Uses Apple’s built-in IAC Driver. One-time setup at the OS level — any MIDI-aware app then sees the bus regardless of launch order.

One-time setup:

  1. Open Audio MIDI Setup (in /Applications/Utilities/, or via Spotlight).
  2. Menu: Window → Show MIDI Studio.
  3. Double-click the IAC Driver icon.
  4. Tick Device is online at the top.
  5. Under Ports, add a port named TWEAKER (use the + button if no ports are listed). Click Apply.
macOS Audio MIDI Setup — IAC Driver enabled with TWEAKER port added

Every session:

  • In your DAW: set the MIDI Hardware Output or track MIDI input to IAC Driver TWEAKER.
  • In TWEAKER: the MIDI In dropdown can stay on All MIDI Inputs (default) or be set explicitly to the IAC bus.

Troubleshooting:

  • IAC Driver icon missing from MIDI Studio: it’s built into macOS but may have been hidden. Try the View menu’s Show All toggle, the configuration dropdown (switch away from “Default” and back), or the + button to re-add it.

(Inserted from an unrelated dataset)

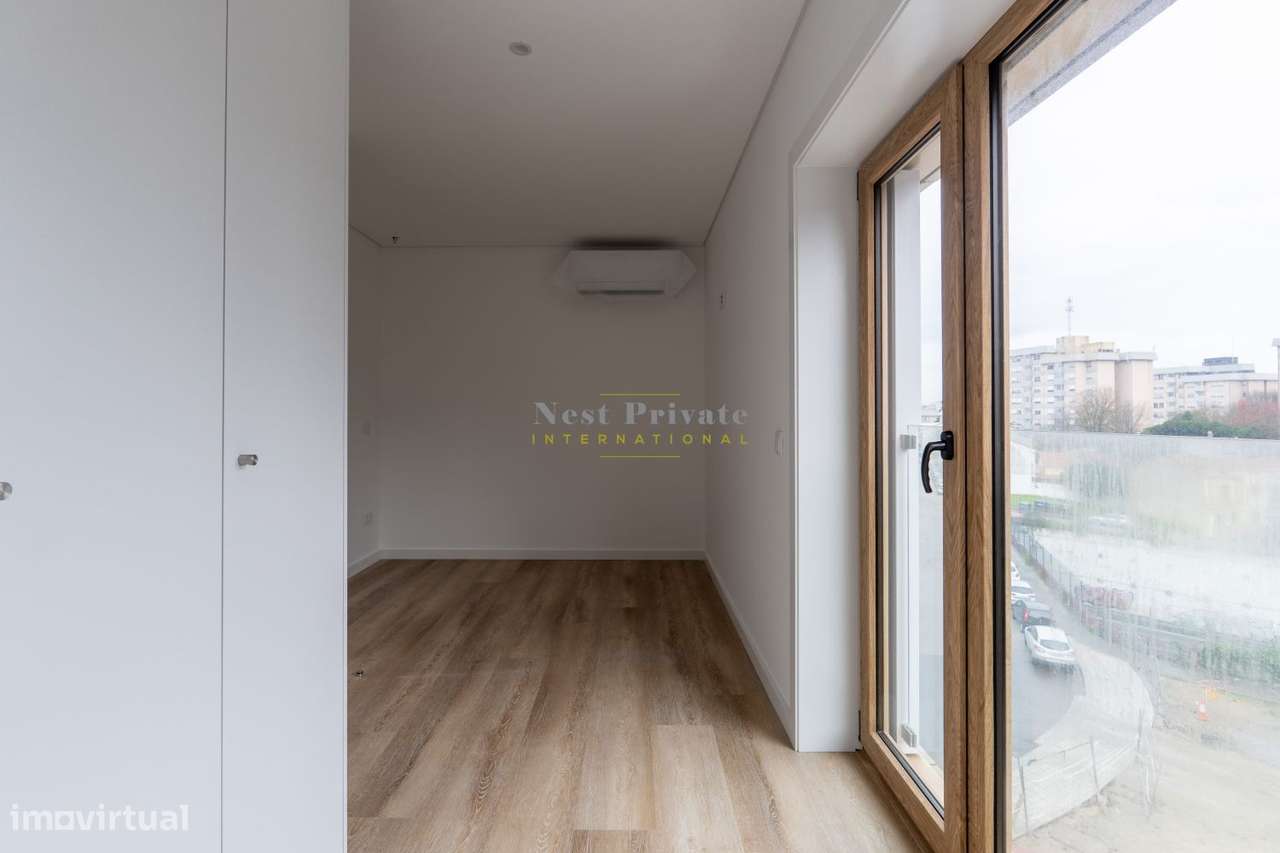 Apartamento T5 Duplex Antas-21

Last resort: quit Audio MIDI Setup, run sudo killall coreaudiod in Terminal, then reopen Audio MIDI Setup.
  • IAC Driver shows red/disabled and won’t open: single-click to select it first, then click the ⓘ Info button in the MIDI Studio toolbar (or right-click the icon) and tick Device is online. Icon turns blue and double-click then opens properties.
  • Single-click still doesn’t select IAC Driver after enabling: quit Audio MIDI Setup and relaunch it — MIDI Studio sometimes needs a restart before the newly-enabled device responds.

Windows

Windows 11 build 24H2 or newer required — the new Windows MIDI Services aren’t available on Windows 10 or earlier Windows 11 builds.

One-time setup:

  1. Install Microsoft’s Windows MIDI Services SDK Runtime and Tools (~220 MB). TWEAKER’s MIDI dropdown has a “How to use MIDI from a DAW…” entry with a Download Now button that takes you here.
  2. Launch the Windows MIDI and Musician Settings app from the Start menu.
  3. Click the blue Finish MIDI Setup button at the top; restart Windows if prompted.
  4. Click Set MIDI Service to auto-start at boot so the service is ready before basehead launches.
  5. (Optional) Under MIDI 2.0 Loopback Endpoints, click Create New Loopback Endpoint Pair and name them TWEAKER A / TWEAKER B. If you skip this, the built-in Default App Loopback (A)/(B) pair works just as well — TWEAKER shortens these to Def. Loopback (A)/(B) in its dropdown.
Windows MIDI and Musician Settings app — Finish MIDI Setup and Loopback Endpoint configuration

Every session:

  • In your DAW: set the MIDI hardware output to Default App Loopback (A) (or TWEAKER A if you made your own pair).
  • In TWEAKER: the MIDI In dropdown can stay on All MIDI Inputs (default), or be set explicitly to Def. Loopback (B) (or TWEAKER B).
  • The ● dot next to MIDI In: in the TWEAKER header blinks on each incoming MIDI message — quick way to confirm receive is alive.
DAW MIDI output set to Default App Loopback (A) routing into TWEAKER

Troubleshooting:

  • No loopback entries in TWEAKER’s dropdown: re-run “Finish MIDI Setup” in the Windows MIDI Settings app, and confirm a loopback pair exists under “MIDI 2.0 Loopback Endpoints”.
  • Entries show up but notes don’t arrive: in the MIDI Settings app, Active Sessions should list both basehead and your DAW as open clients of the loopback endpoints.
  • Worked, then stopped after relaunching the DAW: occasionally Windows MIDI Services keeps stale handles to changed endpoints. Quit and relaunch both the DAW and basehead.